CHALLENGE
Design of optimal and feasible integral supply chain for various companies in High-tech, Consumer Goods, Food and Building Materials
APPROACH
- Determine goal, scope, decision criteria and decision-making process.
- Involve all stakeholders and experts during the process to get commitment and create trust.
- Make sure all relevant data on actual situation and future trends are available.
- Tailor and validate a mathematical optimisation model of the global supply chain.
- Organise decision preparation workshops in which scenarios are developed and discussed.
- Organise session to discuss recommended options as basis for a decision on the design of choice.
CHALLENGE
Maintenance contractor for Rail Infrastructure executes maintenance based on human inspection of rail track videos.
Introduce predictive maintenance technology to streamline and improve inspection.
APPROACH
- Gather data on inspections executed to create a large test set of observations.

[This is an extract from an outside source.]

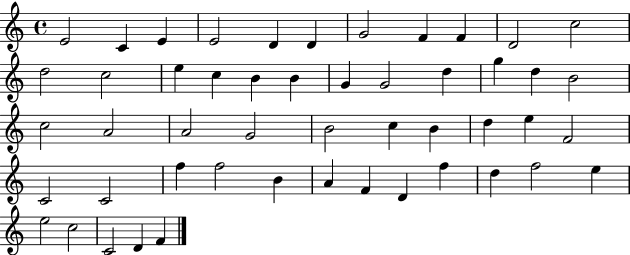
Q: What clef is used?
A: treble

- Develop a deep learning algorithm (based on neural networks) to automate the inspection.
- Minimise false positives (judged okay but in fact not okay) and false negatives (judged not okay but in fact okay).
- Test and validate the software in the live environment.
- Transfer the software to the maintenance organisation.
CHALLENGE
Manufacturer of complex components
- Strong market position and the ambition to grow significantly.
- However, their New Product Development and Introduction (NPI) lead times were way to slow to enable the growth.
Take a leap step in NPI-cycle time reduction.
Lean Six Sigma (the company is highly skilled in this) didn’t enable them to tackle the problem.
APPROACH
- Engineering, Operations and Supply Chain formed an integrated team for the assignment.
- The plan was to visualise the customer journey for a sample request from the customer’s point of view. This was a challenge as the data was scattered across multiple sources. Once the case identifier to track individual cases was identified, the full customer journey could be visualised through process mining.
- The bottlenecks were identified and a new NPI-process was designed and introduced without adversely affecting the on-time production performance of the normal production.
CHALLENGE
Leading manufacturer of customised precision parts
- Complex production process comprising multiple process steps across various pieces of equipment.
- Product quality is made by the first process step, but can only be determined at the last.
- This feedback cycle (i.e., the production cycle) needs to be quicker to prevent production losses.
Reduce the production time by 50% from 4 to 2 weeks.
The company is highly skilled in Six Sigma, which had already helped them to reduce the cycle time from 11 to 4 weeks. However, the traditional Six Sigma suite of tools could not help them any further.
APPROACH
- The first action was to analyse the production with process mining: Huge variations in takt times between workstations were uncovered.
- Workstations were recombined to rebalance the takt times: A consequence was that the heartbeat of the subcontractor’s process had to be synchronised.
- Further, the available time for preventive maintenance increased.
CHALLENGE
Structurally loss-making production facility of a global can manufacturer was to be returned to profit.
APPROACH
- One-week Quick Scan to identify potential and key levers.
- Eight-month Implementation to upgrade the performance management system (ensure closed PDCA-loop, improve availability and quality of data, install visual management throughout the factory), address the production planning and scheduling, improve the asset availability, reduce cost of poor quality, reduce working capital and take out 25% of the payroll costs.